Your display is 120, that is your refresh rate. You will notice a smoothness difference up to 120. The benefits of running higher than your refresh rate are present in some specialized MP situations.
No, that's just my point, I was the same at 60hz and on crt's with sillyhigh refresh rates. Setting the refresh rate above 120hz, I don't notice the benefit, same with framerate, about 150fps seems to be my sweet spot, anything above that is a waste to me.
Even on a 60hz monitor, games felt far more responsive and fluid when their framerate was over 60fps. Your refresh rate might not be keeping up with the framerate and your brain and hands but it isn't synced so your eyes and brain are getting enough feedback for it all to be a lot smoother, fluid and responsive experience, if that makes sense. I'm talking specifically about multiplayer first person shooters here at 60hz and I've had a few drinks so I might be talking complete bollocks :lol:
All I know is that on my 60hz monitor, I could do a nice fast pan with the camera and pick out enemies, with the framerate capped it was less fluid, it turned into a blurry, jerky slideshow, everything was less sharp and more stilted and just not right. I had to slow the pace, actually, here's a good video to illustrate, I capped a random match back when I used to play mw2, that game was capped at 90fps, You can see, I had to adopt this sort of twitchy pigeon head flicking style so as not to pan and cause the jerky blurring. Apologies for the video quality and audio popping.

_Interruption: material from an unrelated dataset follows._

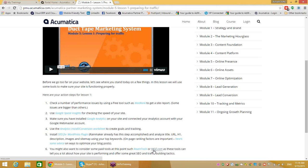You might want to consider some paid tools such as RavenTools or Moz.com. During the training you'll be exposed to a range of different tools and sites. It doesn't necessarily mean that Acumatica is recommending them, but they are certainly things you can take advantage of. As part of my own process looking after the Acumatica website and doing search engine optimization, I use Google Speed Insights, Google Analytics, the SEO for WordPress plugin, Moz.com for analytics, and HubSpot.com for lead capturing.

http://www.youtube.com/watch?v=ftQmP9m8epw
IMO it is not worth the extra stress on your system or the chance of cooking your card a la Starcraft 2 when it pumps out too many frames. Running more FPS than refresh will have more tearing on average than using a limiter set to your refresh. Limiter also wont have any lag concerns like Vsync does.
Yeah, until very recently I used dxtory to universally cap my framerate to 115fps, just under my refresh rate for that very reason but it caused jittering in a few engines so I just stopped using that feature.
To be honest, I don't notice any more tearing when the framerate goes over 120fps at 120hz, the refresh rate is fast enough for it not to be an issue for me, I mean, if I really concentrate, stare at something while panning really fast back and forth, I could pick it out.
Obviously I did notice it at 60hz but it's the lesser of two evils, as you say.
I agree, it's a waste pumping out over 150fps when I get no benefit from it but for the modern games that aren't capped that my rig can manage over 120fps on, it doesn't go much higher, I have good airflow and my systems nice and cool so I'm not going to worry about it.